Crafters disagree about whether it’s cheaper to grow all your own materials or to buy them. Keep track of the time you spend growing, harvesting, and drying your flowers, in order to decide whether you might be better off buying some or even all of your materials. Try buying some things that you can’t grow, and sell them alongside or incorporated with your own product. For example, you may grow plenty of small, filler-type plants but need a big, attention-getting flower for your bouquets. Buying dried roses or peonies might very well give your bouquets the crowning touch that puts them into a much higher price range. Just be sure you’re marking up every purchased flower that you sell.

If you try to sell both fresh and dried flowers, you may meet yourself coming and going. Although the growing of each is the same, the marketing is not. Try to keep good records that will allow you to compare the profit margin on each type of product. Obviously, selling flowers fresh by the bunch is going to be far less labor-intensive than harvesting, drying, storing, and then crafting products. But you must also take into consideration the strength of each market: How much can you sell fresh? How much dried? In addition, you must consider the overall workload on your farm; for example, if your growing season is short and a September frost puts you out of the fresh-flower business, you may need a few months of dried-flower sales in order to make a profit.

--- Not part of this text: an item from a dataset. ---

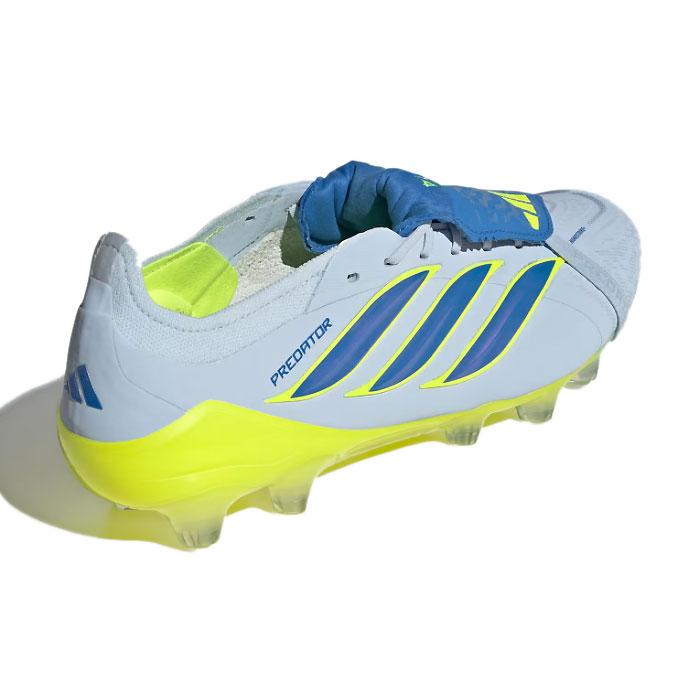 adidas（アディダス） JR5895 サッカー スパイク PREDATOR プレデター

Ultimately, the type of flowers you grow can’t be determined solely by arithmetic—you need to take subjective factors into account, too. The most important one, in my opinion, is your own personal enjoyment. If you really love crafting with drieds, then by all means do it! You’ll be happiest at work you enjoy, whether or not it’s the most profitable approach. If, on the other hand, you don’t really like to spend time working with drieds, why bother with it? The first few years that we grew flowers, I made wreaths to sell at farmers’ markets. The wreaths were quite popular, and at $40 each, I made a profit. But I did not enjoy sitting up till midnight, crafting, after working outside all day. As soon as I got a good hold on the fresh-flower market, I stopped doing drieds altogether.